_THE TASK:_ The task calls for an exact retyping of the lines from the one holding "Зеркало электрическое Mitsubishi" through the end of the listing, with pictures omitted and nothing added.

_MATERIAL PROVIDED:_
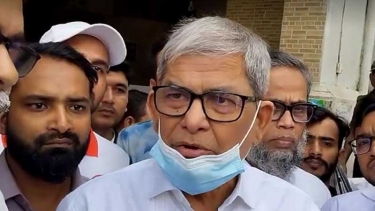 হত্যার উদ্দেশ্যেই নুরকে আঘাত করা হয় : মির্জা ফখরুল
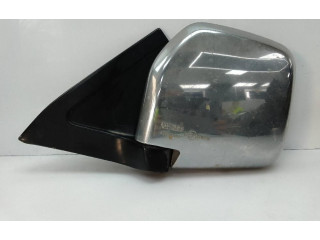 Зеркало электрическое Mitsubishi Montero - года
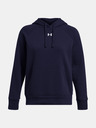 Under Armour UA Rival Fleece Hoodie Melegítőfelsők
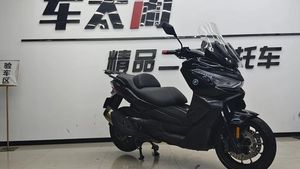 二手无极SR4 Max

_EXERCISE OUTPUT:_
 Зеркало электрическое Mitsubishi Montero - года
 Under Armour UA Rival Fleece Hoodie Melegítőfelsők
 二手无极SR4 Max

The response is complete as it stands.